Wing passes safety inspection
By Senior Airman Nick Przybyciel, 446th Airlift Wing Public Affairs
/ Published February 14, 2006
MCCHORD AFB, Wash. -- The 446th Airlift Wing stomped the tri-annual Ground, Weapons and Flight Safety Program Evaluation Dec. 12 through 15, receiving satisfactory overall scores across the board.
The weapons safety program headed by Senior Master Sgt. David Ponce, shined the brightest during the inspection. It received an outstanding rating and was praised highly in the inspection report.
“The 446th AW Weapons Safety Manager has gone above and beyond simply complying with weapons safety compliance re-quirements,” the report reads. “Sergeant Ponce has utilized his superb talent and management skills to formulate and administer an outstanding wing weapons safety program. This program could very well be benchmarked for use throughout the Air Force Reserve Command.”
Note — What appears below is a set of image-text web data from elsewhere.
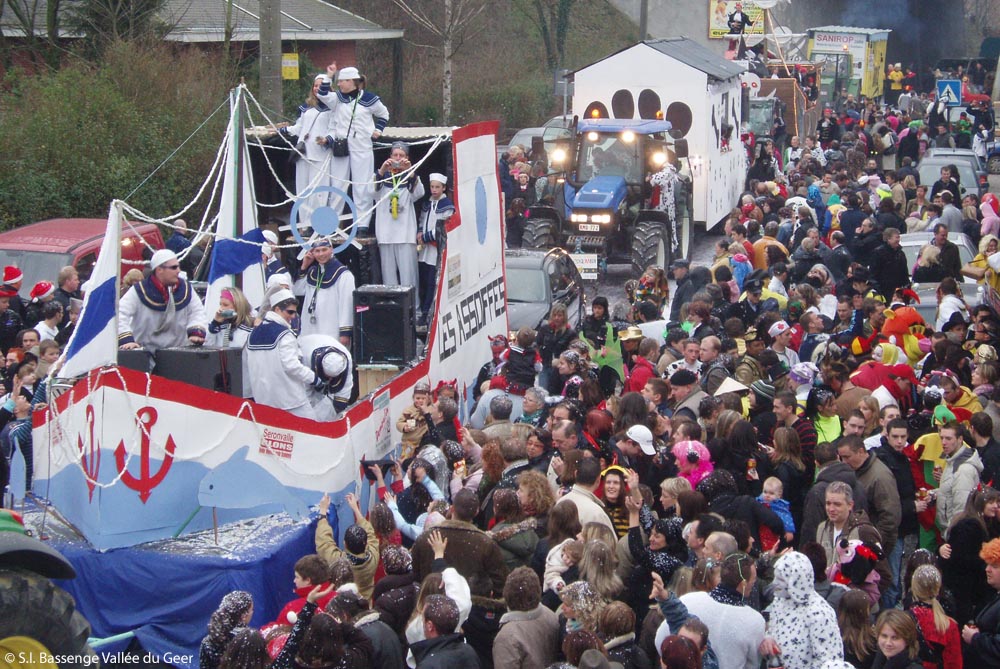 carnaval bassenge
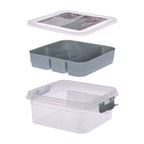 Kunststof organiser, 26x24cm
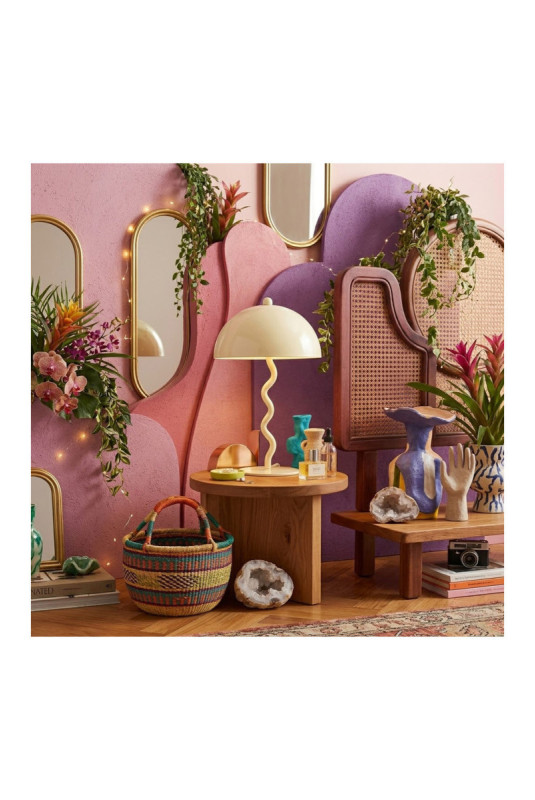 Lampe de table - Crème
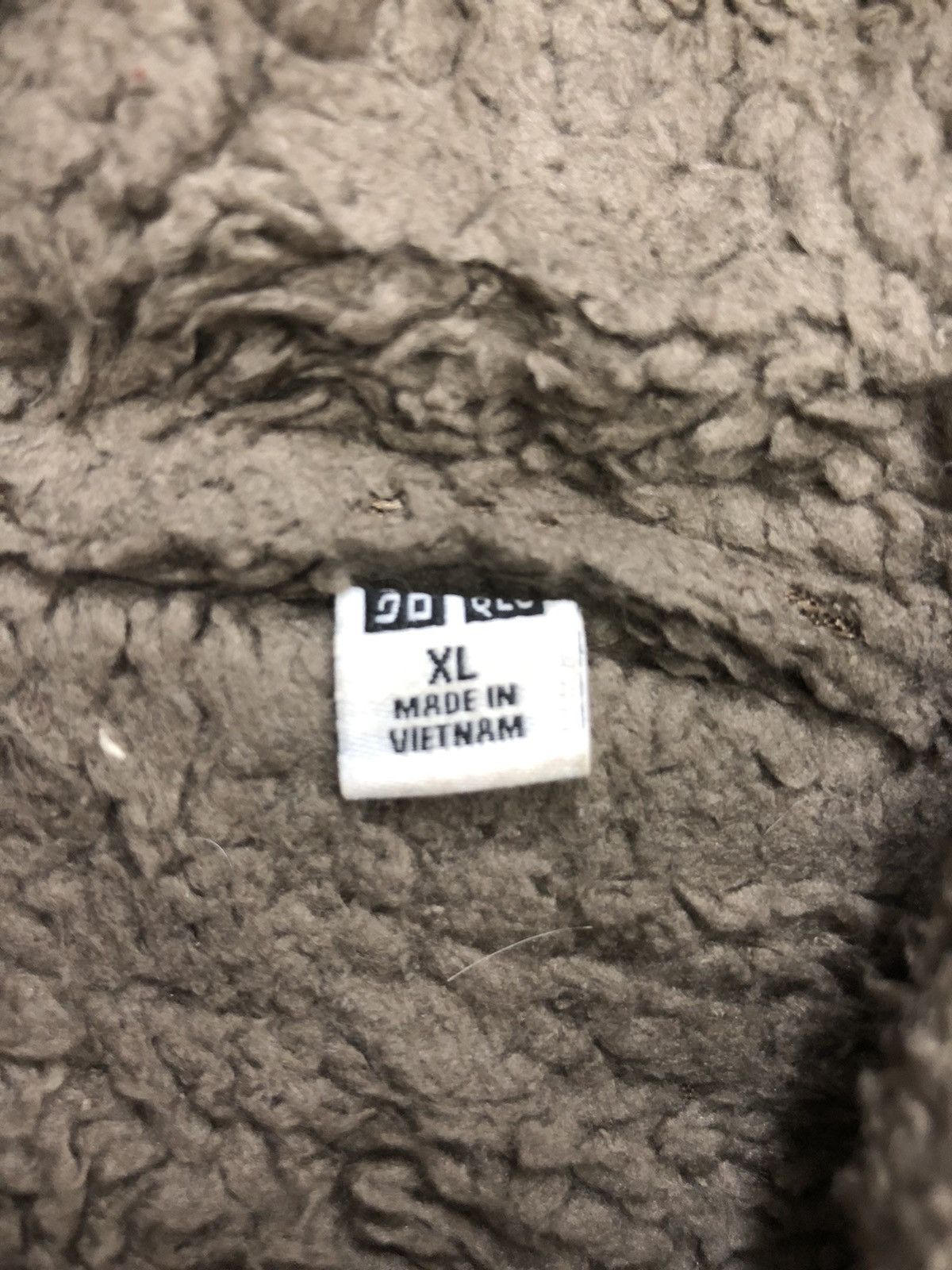 Uniqlo Uniqlo Sherpa hoodie sweater/sweatshirt Size US XL / EU 56 / 4 - 6 Thumbnail
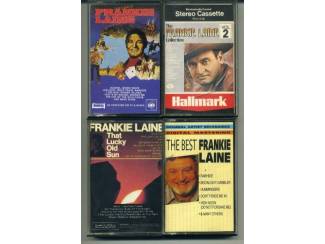 Cassettebandjes Frankie Laine 4 cassettes &euro;2,50 per stuk 4 voor &euro;8,00 ZGAN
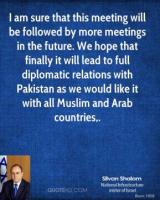 Diplomatic Relations quote #2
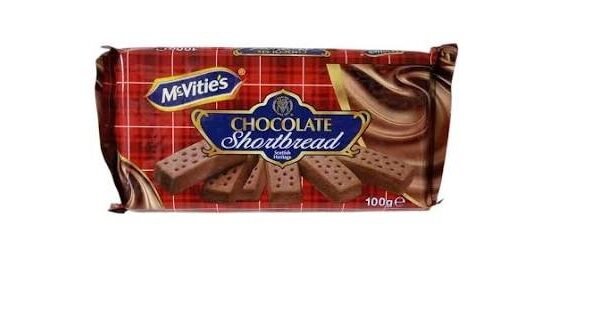 MCVITIES BUTTER / CHOCOLATE SHORTBREAD ORGINAL 200g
The entire wing performed “right up there with everybody else,” according to Gayla Anderson, a contracted inspector from Science Applications International Corporation. Working in teams, SAIC performs inspections at bases across the country and report findings to the appropriate headquarters.
Ground and flight safety received only a few minor or negligible discrepancies. Most were fixed in one day, with the two problems being resolved in January, according to Maj. Kevin Welin, chief of safety.
Based on the findings, the wing safety office has 45 days to submit a corrective plan to its command. Major Welin,will file this year’s plan for the 446th AW.
Getting the 446th AW squared away for safety took a lot of hard work and long hours.
“Sergeant Ponce and myself worked our normal workday dealing with everyday safety issues, then stayed late an average of four hours a day, two days per week for two months (to prepare for the inspection),” Major Welin said.
All the hard work paid off in the end, and the results didn’t surprise the wing safety team.
“It was what we were expecting,” the major said. “With an outside contractor performing the inspection, we knew it was going to be nit-picky. But in all of the facilities the ground inspector looked, he could not find what he called the usual discrepancies.”